David Mitchell: ‘I have no reason to have these apocalyptic musings’

This article is more than 4 years old
He has a happy home life, two sitcoms on the go and a new book in the offing. So why is the comedian, actor and Observer columnist still so crotchety?

Read an extract from David Mitchell’s new book

An empty canteen trailer on a sports field in Chiswick is the rather sterile setting for my interview with David Mitchell, the comic actor and Observer columnist. The location couldn’t be less atmospheric if we were in outer space, though Mitchell exudes a displaced solidarity that makes me feel almost… at home.

He says that canteens on TV sets used to be housed in refitted double-decker buses, but now they’re functional white trailers, the kind of places you’d go to give blood rather than eat lunch. Such small signs of cultural decline are, of course, what Mitchell specialises in denouncing in his signature baroque, mock-rantish fashion.

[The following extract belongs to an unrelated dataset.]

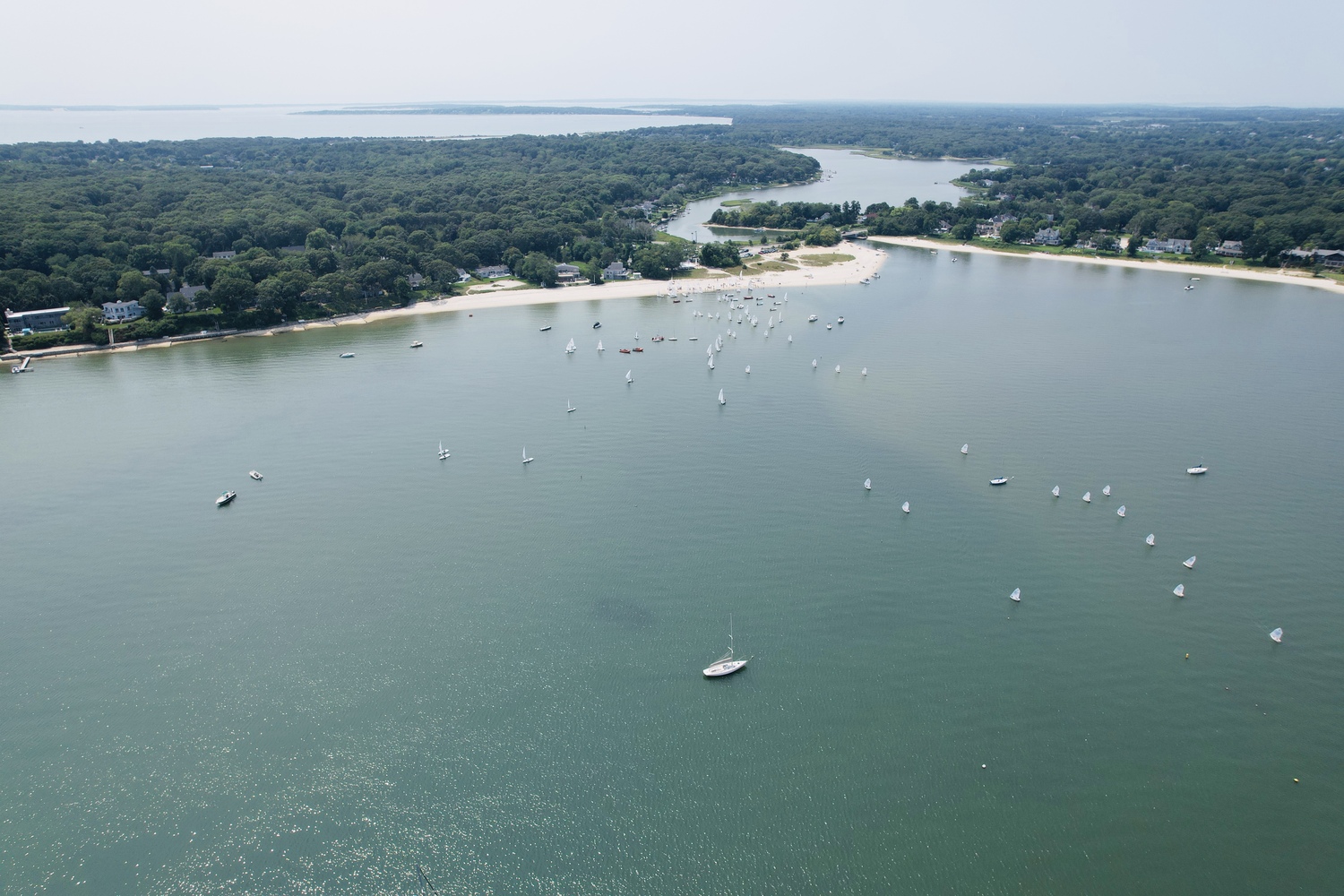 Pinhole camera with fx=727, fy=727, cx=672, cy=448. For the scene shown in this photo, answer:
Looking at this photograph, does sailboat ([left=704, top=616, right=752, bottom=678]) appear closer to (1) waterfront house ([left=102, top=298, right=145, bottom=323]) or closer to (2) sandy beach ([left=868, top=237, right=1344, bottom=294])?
(1) waterfront house ([left=102, top=298, right=145, bottom=323])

In his column for this newspaper and in the comic riffs for which he is known on shows such as QI or Have I Got News For You, he is a satirist of crass innovations, a poet of minor irritations. But in Dishonesty Is the Second-Best Policy, a collection of his columns from the past three years, Mitchell has reached a more macro-scale judgment. His ire is aimed not at film-set canteens but at the world at large, or at least the British part of it. In his opinion, he writes, Britain is now a country where things are “generally getting worse”.

That’s not an exceptional observation. Perhaps the majority of people, exhausted by the Brexit drama, depressed by the quality of our political leaders, think that the country is heading dogs-wards. But I wonder by which means – empirical analysis or personal observation – Mitchell has arrived at this conclusion.

As soon as I ask the question, he acknowledges the possibility that he might be wrong.

“It might be that I’m getting older – and as people get older, I imagine they get more pessimistic. It’s part of the mortality psychological coping strategies. It’s quite a common thing for people who are properly old to be sort of sick of the world.”

Before I can point out that he’s only 45, he adds: “I’m a bit young to be finished with the world.”

This is true. Mitchell is now the age that his comic persona has always been. Right from the start of his career he seemed, by comparison with his peers and, indeed, his long-term comedy partner Robert Webb (who’s actually a couple of years older), like a middle-aged man in his outlook and delivery. His was the pedantic, put-upon conservative with a small “c”, frustrated with the superficiality of modern trends, comically thwarted and superbly enraged. It was as if he had skipped the young, free and single years and gone straight to a dyspeptic midlife crisis – albeit an ironic one.

With Robert Webb in the first series of Simon Blackwell’s C4 sitcom Back. Photograph: Mark Johnson/Channel 4

But now the world has caught up with him and, in Mitchell’s words, it is in “moral and economic decline”. He wishes the internet didn’t exist, and he reckons proportional representation, a steep hike in MPs’ pay and stiff taxes on carbon-producing activities are the solutions to the current malaise.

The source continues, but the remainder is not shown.